Growth

Scaling AI Workloads with KubeRay: How Kapstan Makes It Easy

April 19, 2025
Neel Punatar
Christopher Fellowes

As AI applications continue to grow in complexity and scale, engineering teams are looking for better ways to manage distributed compute. Tools like Ray and Ray Serve have become popular choices for teams building scalable inference and training pipelines—but deploying and managing them on Kubernetes introduces operational overhead most teams would rather avoid. That’s where KubeRay comes in.

KubeRay is the Kubernetes-native way to run Ray clusters. And when paired with Kapstan, managing Ray workloads becomes as easy as flipping a switch. Whether you’re scaling model inference with Ray Serve or orchestrating parallel compute jobs with Ray itself, Kapstan eliminates the Kubernetes complexity—so your team can focus on ML outcomes, not YAML files.

What is the "Ray" of "KubeRay", and Why It Matters:

Ray is a distributed execution framework purpose-built for AI and machine learning workloads. Unlike traditional batch schedulers or job orchestrators, Ray provides native support for:

Distributed Python and complex workflows

Hyperparameter tuning and parallel model training

Serving ML models with autoscaling

APIs: Simplify creating and scaling APIs that use multiple models

GPU orchestration for AI acceleration

And thanks to Ray Serve, Ray also provides a robust API for deploying and managing model inference services. This allows engineers to go from training to serving in a single stack.

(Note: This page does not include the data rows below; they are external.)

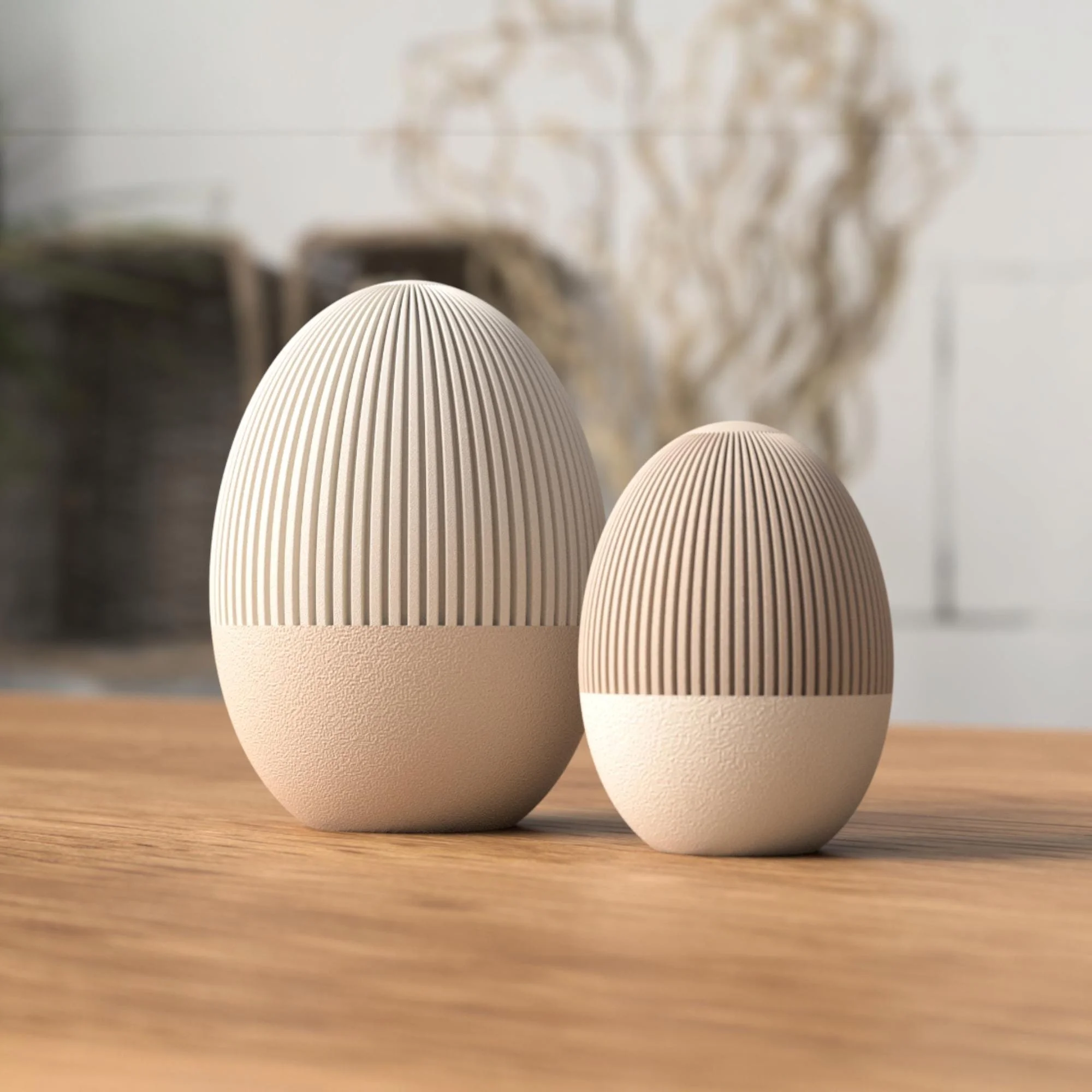 Befüllbare Osterei Dose ohne Ohren in zweifarbiger Ausführung mit kleinem passenden Ei, schlicht inszeniert auf Holz im modernen Japandi Stil.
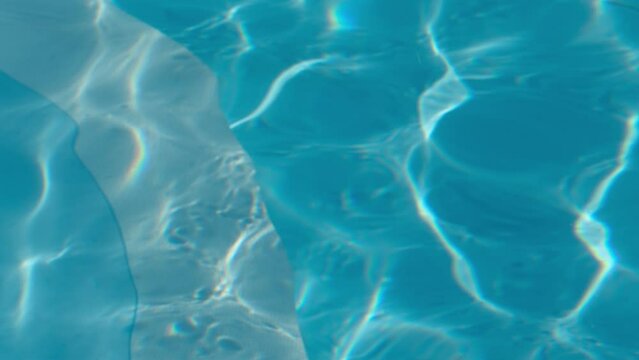 Summer pool water surface close up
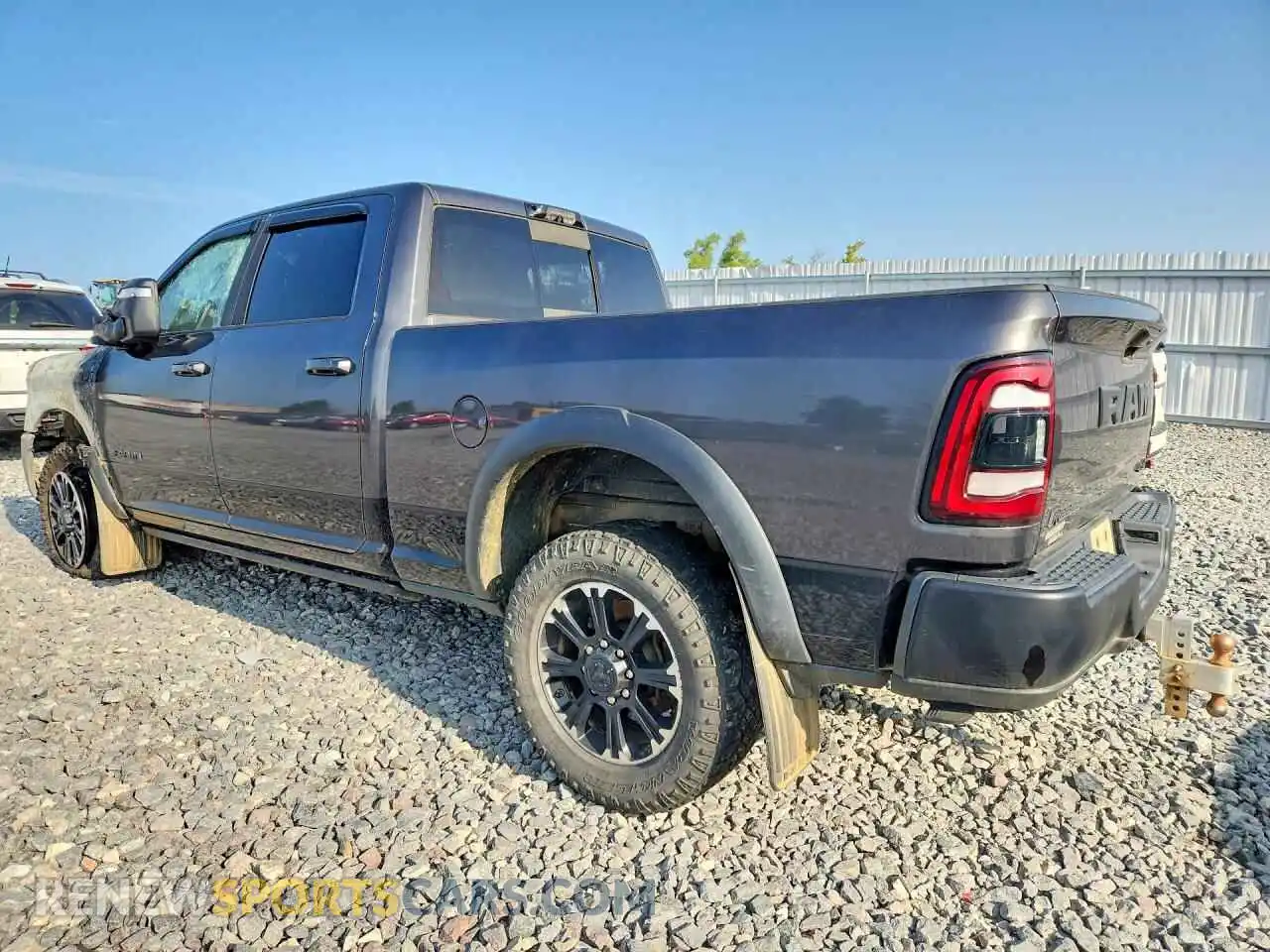 2 Photograph of a damaged car 3C6UR5ELXRG238669 RAM 2500 2024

But to take full advantage of Ray, you need infrastructure that can scale with it. That’s where Kubernetes and KubeRay come in.

What Is KubeRay?

KubeRay is an open-source operator that lets you run Ray workloads on Kubernetes clusters. It abstracts the complexity of setting up Ray head nodes, workers, autoscaling logic, and networking.

With KubeRay, you can:

• Deploy Ray clusters declaratively via Kubernetes manifests

• Leverage Kubernetes-native tools for monitoring, security, and scheduling

• Automatically scale Ray workers based on job demand

KubeRay is powerful—but it’s also complex. Managing headless services, persistent storage, and autoscaling policies can quickly turn into a YAML maze. That’s why Kapstan is the perfect companion.

How Kapstan Helps with KubeRay

Kapstan is a Kubernetes platform built for developers. It brings a GitOps-powered UI to Kubernetes, letting you manage applications and infrastructure without touching Helm charts or raw manifests. When it comes to KubeRay, Kapstan adds value in several ways:

1. One-Click Deployment of KubeRay Clusters

Instead of writing and maintaining KubeRay manifests you can focus on your application logic and let Kapstan ensure it is run on a production grade Ray Cluster. Define your node count, autoscaling rules, and GPU needs—and Kapstan provisions the infrastructure automatically.

2. Autoscaling with Spot Instance Support

Ray workloads often involve bursty, high-volume compute. Kapstan makes it easy to run Ray workers on spot instances, driving down costs while maintaining performance. Built-in automation handles node group creation, taints, and tolerations—no manual tuning required.

3. Simplified Ray Serve Configuration

Need to deploy inference endpoints with Ray Serve? Kapstan integrates easily with Ray Serve’s deployment structure, letting teams configure routes, scaling limits, and model versions via Kapstan’s interface. No need to manage multiple YAML files for each model.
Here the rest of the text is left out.